Most problematic digital content issues faced by higher education institutions and possible solutions
Higher education institutions struggle to make their digital content accessible mainly due to lack of content creators and trained faculty. The most problematic digital content issues are:
- Inappropriate headings
- Inaccessible documents
- Useless alt text
Digital Accessibility Roadmap
Higher education institutions must have a clear roadmap in place to implement digital accessibility on their campus. The roadmap includes various stakeholders and resources who perform specific roles and report to their superior in a time-bound manner.
Roles and responsibilities
Chief Information Officer
The CIO is responsible for digital accessibility compliance.
Director of Digital Accessibility
The Director is responsible for all accessibility efforts and serves as a point of contact for the Accessibility Committee.
Digital Accessibility Committee
The Committee discusses high-level strategies to ensure the institution is on track for digital accessibility compliance.
Digital Strategy Representatives
The campus Representatives participate in the Accessibility Committee and oversee new major digital initiatives.
Student Disability Resource Center Representatives
They serve on the Committee and guide accessibility related to educational efforts.
Institutions can adopt a few practical steps to ensure their digital content, online delivery systems, and technologies are fully accessible. These steps include:
- Check all electronic and information technology like digital content, websites, LMS, classroom technology, library databases, etc., for accessibility standards.

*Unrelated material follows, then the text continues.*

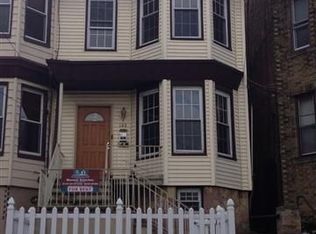 Lexington Ave, Jersey city, NJ 07304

- Involve students, staff, and faculty in the usability testing process and develop a plan to remediate accessibility issues.
- Prioritize optimal accessibility standards right from the start and include it in the acquisition and procurement process.
- Make it mandatory that all vendors provide an accurate product Voluntary product accessibility template.
- Train the staff, faculty, and students about accessibility issues and standards.
- Lastly, accessibility isn’t a project. It’s a long-term commitment to bring your campus into accessibility compliance in all aspects of campus life.
Every institution must have a long-term digital accessibility plan to meet ADA standards and WCAG guidelines.
- Form a collaborative planning team with various contributors and stakeholders.
- Assess needs and challenges.
- Integrate accessibility into your school’s procurement process.
- Determine who owns what.
- Perform an accessibility audit.
- Develop goals and objectives to put an actionable accessibility plan in place.
- Introduce cross-campus training.
- Conduct ongoing evaluations.
Digital Access and Inclusion for Higher Education Institutions
codemantra enables higher education institutions to provide accessible learning content to students with disabilities. Our AI-driven platform automates digital document accessibility compliance. It captures, classifies, and extracts data from documents. The output is transformed to any desired format.
- Audit, assess, and make digital information accessible in any format – PDF, Excel, Word, PowerPoint, and ePub.
- 100% compliance with Federal and State Laws – ADA, Section 508, WCAG 2.1 Level AA
- Eliminate disproportionate burden using our scalable, AI-driven modules
- Create accessible course materials – Make all course material accessible and compliant as per accessibility guidelines
The number of students with disabilities enrolling in colleges is set to increase in the coming years. TO avoid entangling in lawsuits and having to pay hefty fines, institutions must lay out a detailed accessibility plan.
Inclusive instructional materials and information communication technology as part of digital accessibility initiatives are a must for every institution.